Before The League  is a documentary series on the history of professional American football that ultimately became the NFL. The series debuted at the Pro Football Hall of Fame on October 27, 2015. The film is broken into a six parts which tell the story of the evolution from rugby to the formation and creation of the American Professional Football Association in 1920. The series aired on Time Warner Cable SportsChannel on November 17 and 18, 2015.

The series was awarded several times including in the prestigious Emmy Awards and national Telly Awards in 2016. Before The League director and executive producer Jason Pheister and lead writer and executive producer Alison Momeyer, were each awarded Emmys for their roles. In total, the series received three Emmy Awards, five Emmy nominations, and five Telly Awards.
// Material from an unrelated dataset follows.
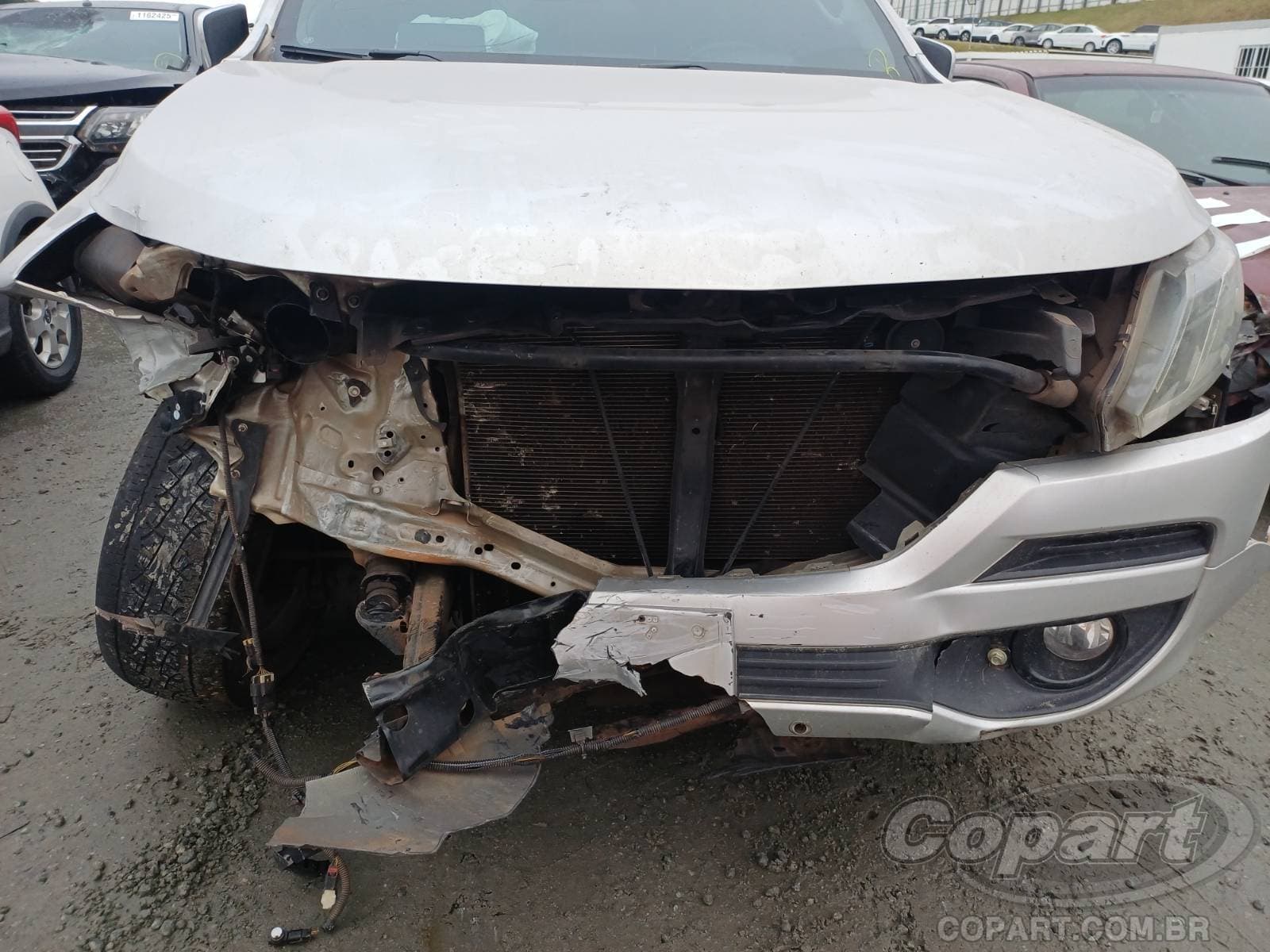 Chevrolet Trailblazer 2018 — foto 13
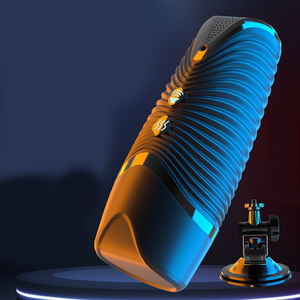 ถ้วยอัตโ<span class=keywords><strong>น</strong></span>มัติสำหรับสำเร็จความใคร่<span class=keywords><strong>มือ</strong></span>พร้อม R20เจ้าชู้ - Product Image 3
The series examines how small towns like Canton and Massillon, Ohio were the blueprint for fielding early pro football teams as well as fostering healthy rivalries. As precursors to the current day NFL, teams like the Akron Pros, Dayton Triangles, Columbus Panhandles, Portsmouth Spartans, Ironton Tanks, Shelby Blues, Oorang Indians, Rochester Jeffersons, Buffalo All-Americans, Milwaukee Badgers, and Green Bay Packers laid the groundwork for the successes of today's big city NFL teams. The series focuses mainly on the Ohio League, the NFL's most immediate predecessor, while also making note of other regional teams and circuits such as the western Pennsylvania conference and New York Pro Football League.

Actors and historians
The documentary film is narrated by Chuck Campbell.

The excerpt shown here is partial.